Queer x Trans Memoir: In Sight of an Embodied History

The Argonauts

Maggie Nelson's The Argonauts is a genre-bending memoir that interweaves theory and personal experience, resulting in an investigative work through which Nelson critically analyzes her own experience as she re-imagines it. 

Much of the narrative is a portrait of Nelson’s relationship with Harry Dodge, who identifies as neither male nor female. Nelson refers to Dodge as “you” throughout the memoir: “You called this the cookie-cutter function of our minds” (4) and “then, just like that, I was folding your son’s laundry” (12). Not only is Dodge the recipient of Maggie’s writing, but Dodge is simultaneously a character within it: “I finish a first draft of this book and give it to Harry” (57). This duality of Harry’s presence in the pages in itself queers and dismantles the subject/object binary. 

The Argonauts is largely a reflection on queer motherhood, describing in poignant detail the birth of Nelson’s and Harry’s son Iggy. The ups and downs of her pregnancy, as well as giving birth to Iggy, are pervasive events that comprise the plot of the memoir. 

Nelson queers the idea of mothering. The temporal birth of her child Iggy in the memoir is directly juxtaposed with narration by Harry on the nearing death of his mother. As Harry describes his mother’s exiting of life— “her mouth needed less air, less often” (164)—Nelson simultaneously describes the process of giving birth to Iggy in the hospital— “On the fourth or so contraction, he starts to come” (164). 
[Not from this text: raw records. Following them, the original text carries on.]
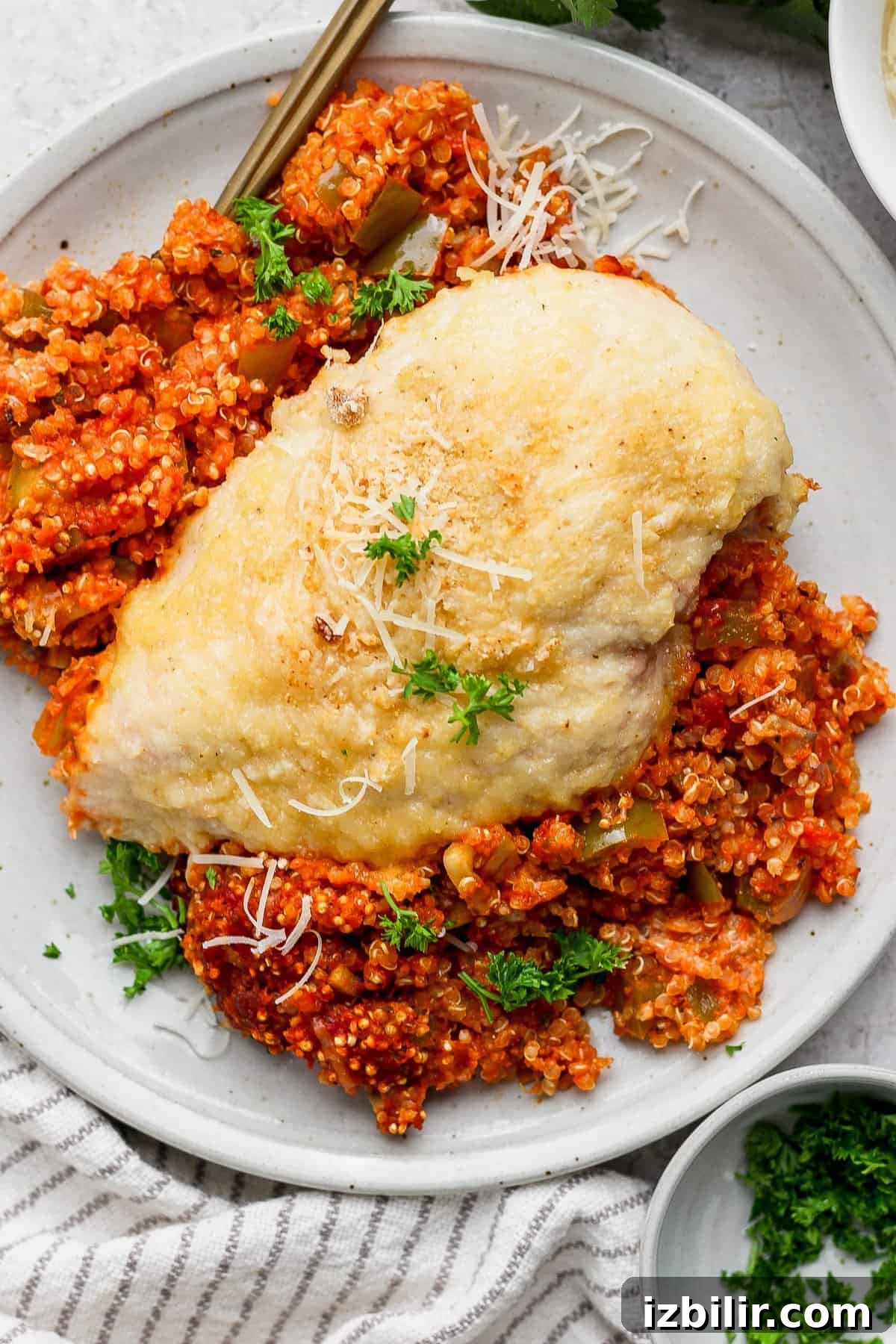 Grilled chicken breast on a bed of tomato quinoa, garnished with grated cheese and parsley on a white plate.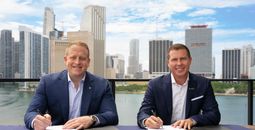 Jason Liberty, Chairman and CEO of Royal Caribbean Group, and Adam Stewart, Executive Chairman of Sandals Resorts, sign mega deal,
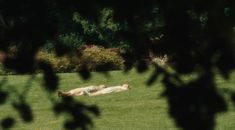 a person laying on the ground in a grassy field with trees and bushes behind them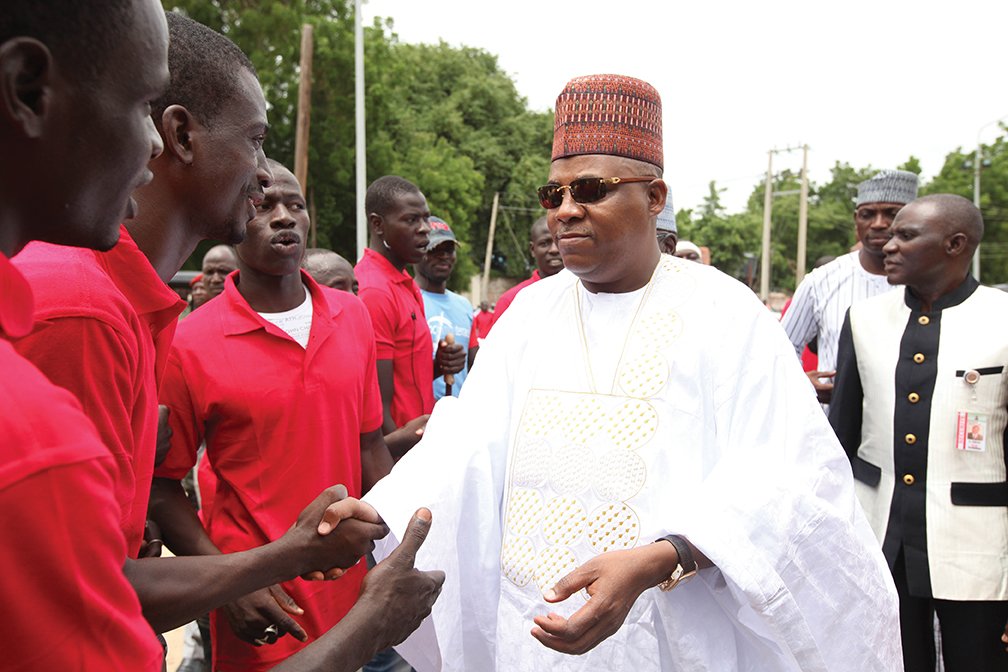 Borno State governor, Kashim Shettima, shakes hands with members of the Civilian Joint Task Force during an event in Maiduguri, Nigeria. [THE ASSOCIATED PRESS]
Nelson transcends the cultural idea of the mutually exclusive relationship between birth and death: “If all goes well, the baby will make it out alive, and so will you. Nonetheless, you will have touched death along the way. You will have realized that death will do you too, without fail and without mercy” (167). In this statement, Nelson challenges the binary between birth and death, queering both of them; Nelson demonstrates that these two phenomena are not mutually exclusive but are related to and communicate with each other. 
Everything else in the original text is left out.